M&A仲介協会、業界自主規制ルール制定の背景を解説 設計思想や規程を読み解くポイントも

M&A仲介業の自主規制団体「M&A仲介協会」(代表理事・荒井邦彦ストライク社長)が1月23日に都内で開催した加入者説明会では、2023年12月に策定・公表した業界自主規制ルールについて、制定の背景や設計思想の解説も行われた。
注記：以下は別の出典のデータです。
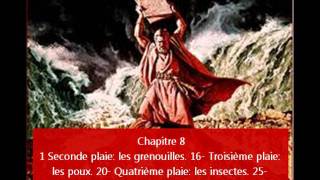 1 partie du livre de Exode en audio [upl. by Tertias]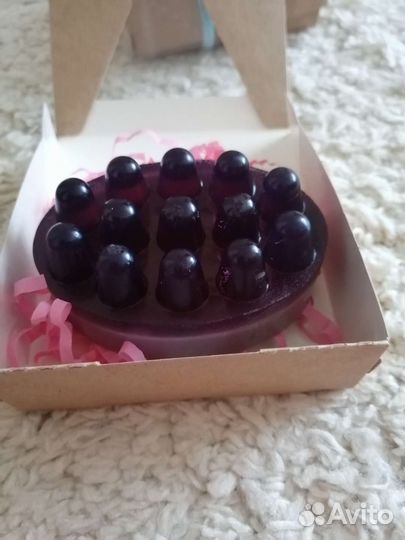 Мыло ручной работы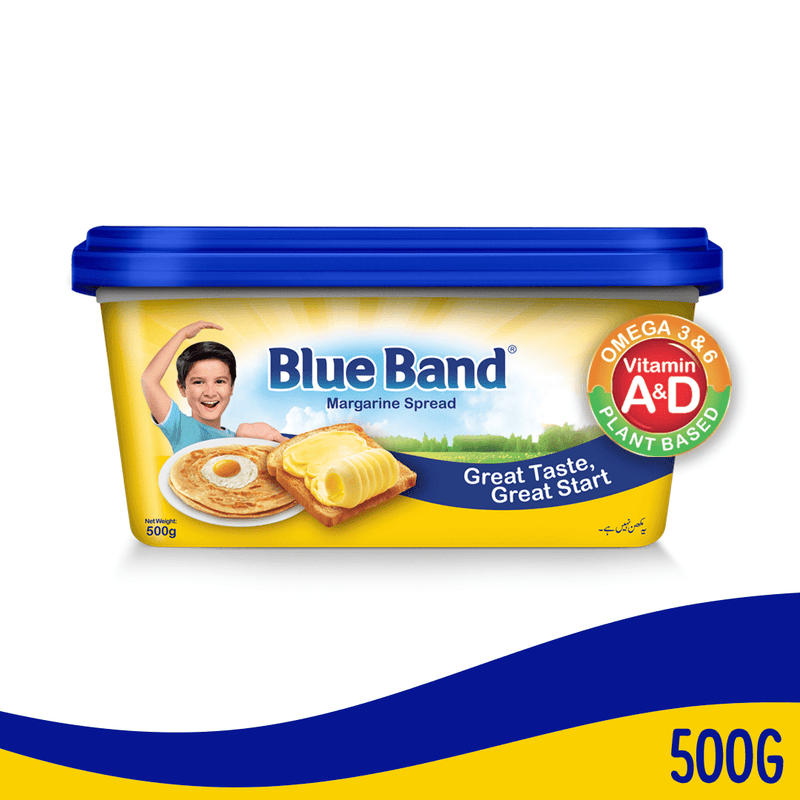 Blue Band Margarine Tub 500g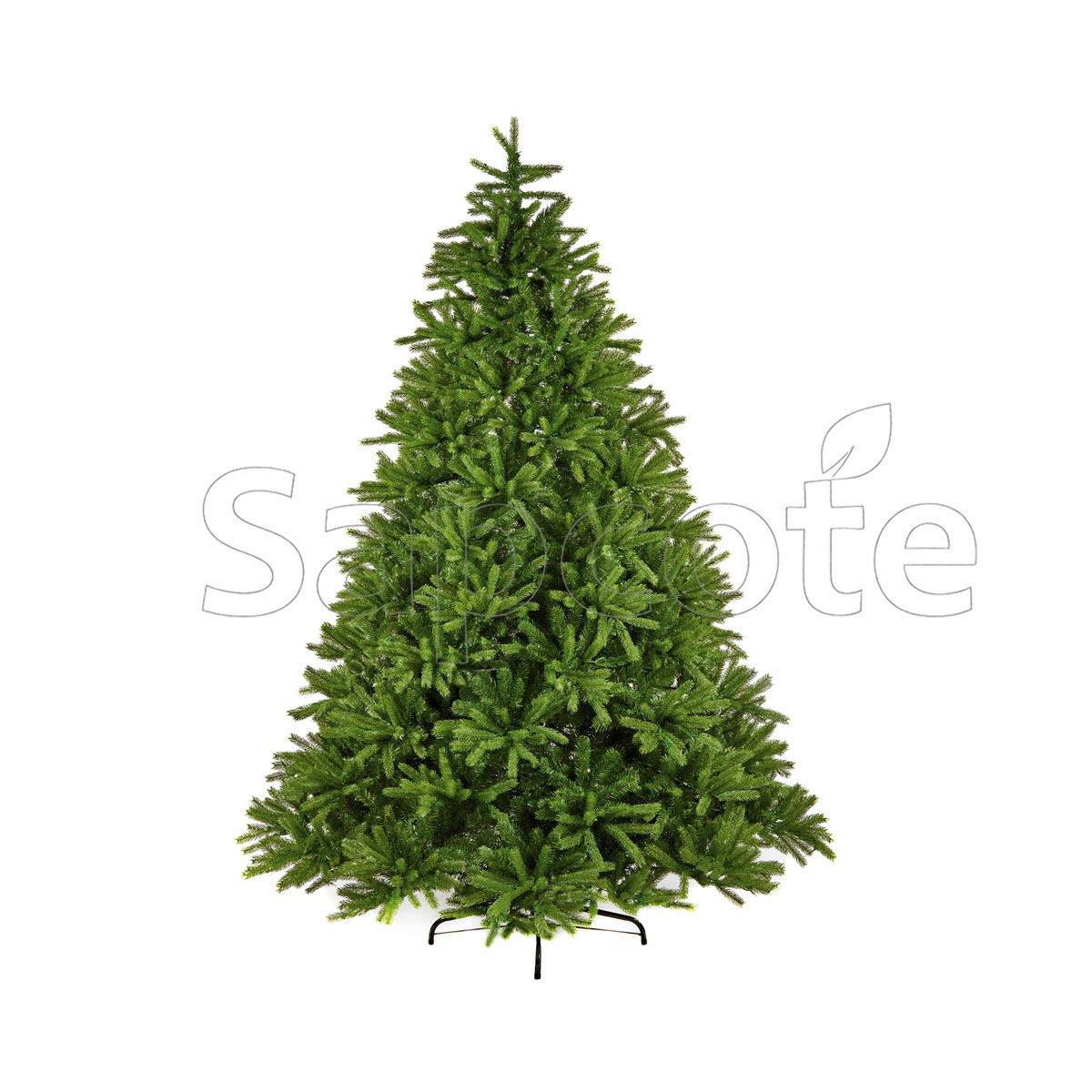 Artificial Tree Jersey Fraser Fir 2.28m – Realistic Artificial Fir Tree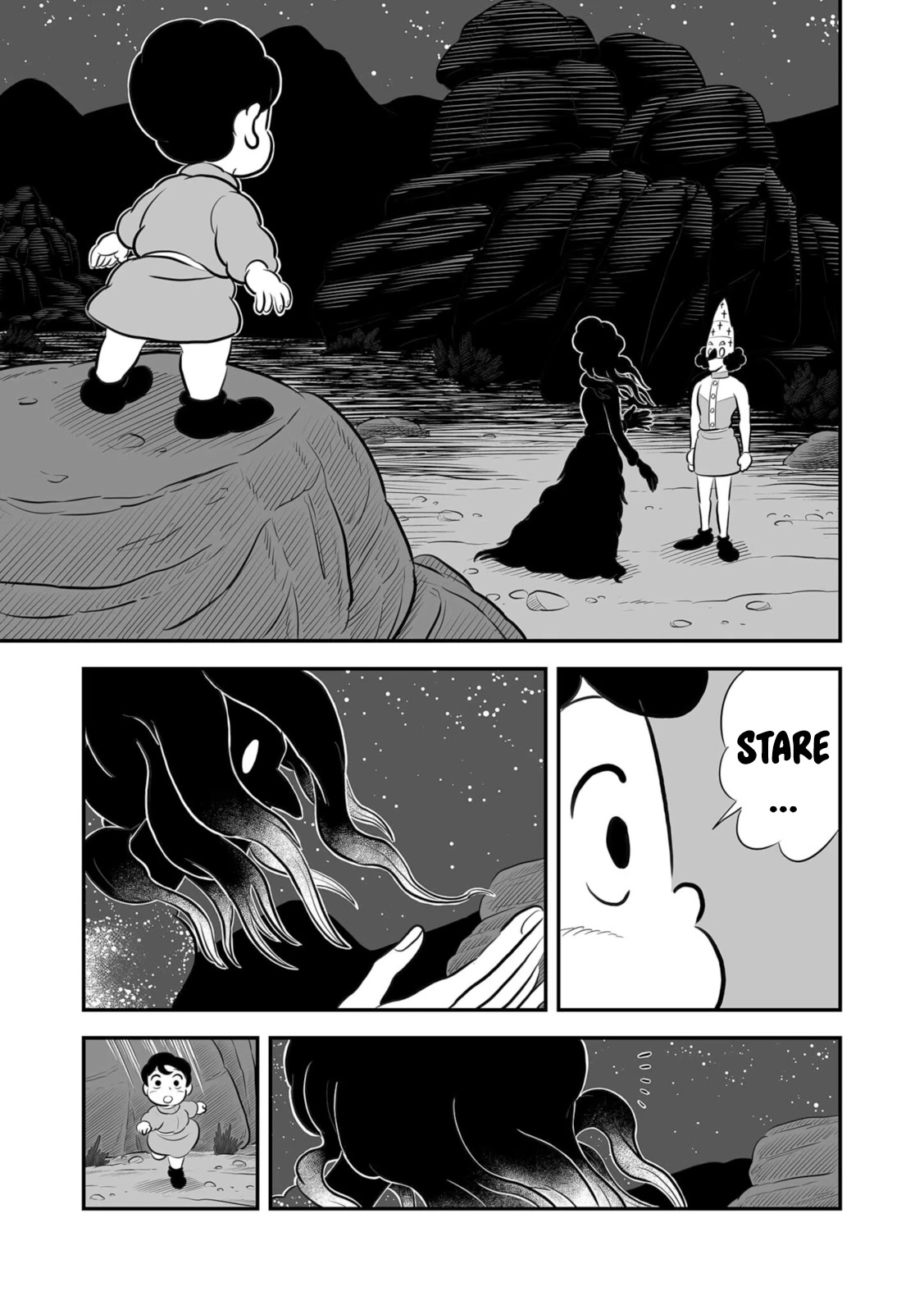 Ousama Ranking Chapter 204 page 4 - Chapter 204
事務局の横井伸(日本M&Aセンター法務部長・弁護士)氏が解説を担当した。

業界自主規制ルール策定の背景

業界自主規制ルールは、M&A仲介業の職業倫理を定めた「倫理規程」と「業界自主規制ルール(コンプライアンス規程、広告・営業規程、契約重要事項説明規程)」からなり、2023年12月にM&A仲介協会が公表したもので、説明会ではまず、M&A仲介協会の設立から公表に至るまでが紹介された。

協会の設立は2021年10月。同年4月に中小企業庁発表の「中小M&A推進計画」で自主規制団体の設立が謳われ、日本M&Aセンター、M&Aキャピタルパートナーズ、ストライク、オンデック、名南M&Aの5社の5社で結成。2023年9月には支援の質の確保・向上について、業界全体での取り組みが求められた「中小M&Aガイドライン(第2版)」が公表、同協会は準備を経て2023年12月に自主規制ルールを策定したと述べた。

自主規制ルール策定の背景については、さまざまな見方があるが、M&A仲介業がいわゆる「業界」として成立したことが理由に挙げられた。M&A仲介業は今や6社が上場、中小企業庁のM&A支援機関登録制度では3000社近くも登録。M&Aが日々、活用されるなか、現場では多数の問題が生じている。そうした現状に対処するには、業界団体がルールを策定して対処していくことが必要であると説明した。

ルールの設計思想

さらに、自主規制ルールの設計思想にも踏み込んで解説。ルールの遵守と適切な運用によって「会員による公正な自由競争の世界を実現」することにあるとし、多様な価格・サービスで会員企業同士が切磋琢磨しあう競争環境の創出を図りたいと述べた。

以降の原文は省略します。